How do we cope with these increased expectations? It's not just a software engineering problem. You can't just throw libraries at it and hope for the best. Yes, there are great machine learning libraries, like Apache Mahout (Java) and scikit-learn (Python). There are even programming languages squarely aimed at doing data science, such as the R language. But it's not just about that. There is a more fundamental level of understanding you need to attain before you can properly wield these tools.
This article will not be enough to gain the required level of understanding. It can, however, show you the landmarks along the road to data science. This diagram (adapted from Drew Conway's original) shows the lay of the land:
Data science venn diagramg
As software engineers, we can relate to hacking skills. It's our bread and butter. And that's good, because from that solid foundation you can branch out into the other fields and become more well-rounded.
Let's tackle domain expertise first. It may sound obvious, but if you want to create good models for your data, then you need to know what you're talking about. This is not strictly true for all approaches. For example, deep learning and other machine learning techniques might be viewed as an exception. In general though, having more domain-specific knowledge is better. So start looking beyond the user-stories in your backlog and talk to your domain experts about what really makes the clock tick. Beware though: if you only know your domain and can churn out decent code, you're in the danger zone. This means you're at risk of re-inventing the wheel, misapplying techniques, and shooting yourself in the foot in a myriad of other ways.
Of course, the elephant in the room here is “math & statistics.” The link between math and the implementation of features such as recommendation or classification is very strong. Even if you're not building a recommender algorithm from scratch (which hopefully you wouldn't have to), you need to know what goes on under the hood in order to select the right one and to tune it correctly. As the diagram points out, the combination of domain expertise and math and statistics knowledge is traditionally the expertise area of researchers and analysts within companies. But when you combine these skills with software engineering prowess, many new doors will open.
What can you do as developer if you don't want to miss the bus? Before diving head-first into libraries and tools, there are several areas where you can focus your energy:
  • Data management
  • Statistics
  • Math
We'll look at each of them in the remainder of this article. Think of these items as the major stops on the road to data science.

Data management

Recommendation, classification, and prediction engines cannot be coded in a vacuum. You need data to drive the process of creating/tuning a good recommender engine for your application, in your specific context. It all starts with gathering relevant data, which might already be in your databases. If you don’t already have the data, you might have to set up new ways of capturing relevant data. Then comes the act of combining and cleaning data. This is also known as data wrangling or munging. Different algorithms have different pre-conditions on input data. You'll have to develop a strong intuition for good data versus messy data.
Typically, this phase of a data science project is very experimental. You'll need tools that help you quickly process lots of heterogeneous data and iterate on different strategies. Real world data is ugly and lacks structure. Dynamic scripting languages are often used to filter and organize data because they fit this challenge perfectly. A popular choice is Python with Pandas or the R language.
It's important to keep a close eye on everything related to data munging. Just because it's not production code, doesn't mean it's not important. There won't be any compiler errors or test failures when you silently omit or distort data, but it will influence the validity of all subsequent steps. Make sure you keep all your data management scripts, and keep both mangled and unmangled data. That way you can always trace your steps. Garbage in, garbage out applies as always.
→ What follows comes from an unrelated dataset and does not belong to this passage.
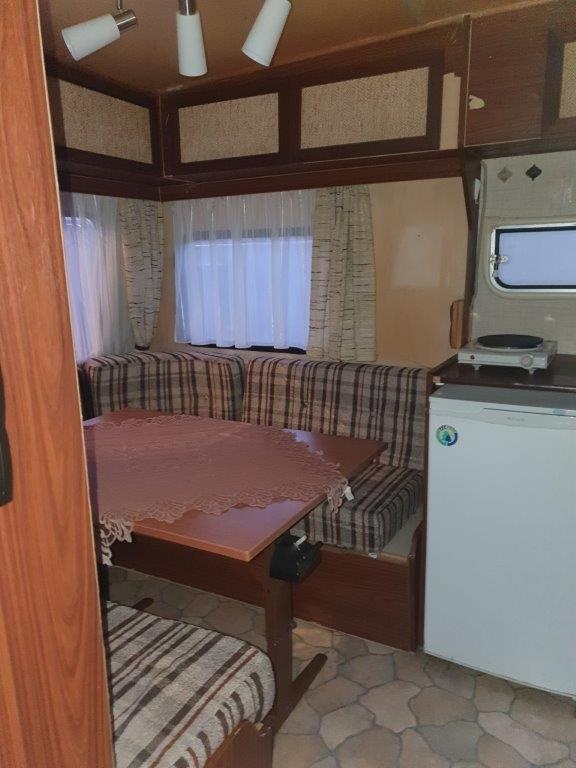 Karavan Tabbert 480 na pevné stání - 3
Once you have data in the appropriate format, the time has come to do something useful with it. Much of the time you’ll be working with sample data to create models that handle yet unseen data. How can you infer valid information from this sample? How do you even know your data is representative? This is where we enter the domain of statistics, a vitally important part of data science. I've heard it said: “a Data Scientist is a person who is better at statistics than any software engineer and better at software engineering than any statistician.”
What should you know? Start by mastering the basics. Understand probabilities and probability distributions. When is a sample large enough to be representative? Know about common assumptions such as independence of probabilities, or that values are expected to follow a normal distribution. Many statistical procedures only make sense in the context of these assumptions. How do you test the significance of your findings? How do you select promising features from your data as input for algorithms? Any introductory material on statistics can teach you this. After that, move on the Bayesian statistics. It will pop up more and more in the context of machine learning.
It's not just theory. Did you notice how we conveniently glossed over the “science” part of data science up till now? Doing data science is essentially setting up experiments with data. Fortunately, the world of statistics knows a thing or two about experimental setup. You'll learn that you should always divide your data into a training set (to build your model) and a test set (to validate your model). Otherwise, your model won’t work for real-world data: you’ll end up with an overfitting model. Even then, you're still susceptible to pitfalls like multiple testing. There's a lot to take into account.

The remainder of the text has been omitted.